La métamorphose se fera petit à petit en raison du coût d'un tel basculement dans les services postaux et ne doit pas freiner, en parallèle, l’amélioration du service classique.

Le temps où il fallait se rendre au bureau de poste parce que l’on a manqué le passage du facteur pourrait bien être révolu… Enfin, à moyen, voire long terme.

En effet, si une loi est récemment entrée en vigueur pour fixer le cadre légal autour du recommandé électronique, l’offre n’existe pas encore dans la pratique en Belgique. Mais, "c’est à l’analyse de notre côté", indique Baudouin de Hepcée, porte-parole de bpost.

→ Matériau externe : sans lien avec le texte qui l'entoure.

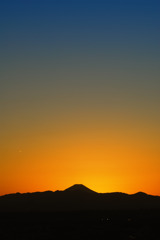 富士山夕景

Un changement qui va "prendre du temps"

C’est qu’il ne s’agit pas d’une mince affaire. Par an, l’envoi de recommandés avoisine les 30 millions dans notre pays. Le processus de numérisation nécessitera des infrastructures lourdes et coûteuses, raison pour laquelle la métamorphose doit "se faire petit à petit" et va "prendre du temps", explique le porte-parole.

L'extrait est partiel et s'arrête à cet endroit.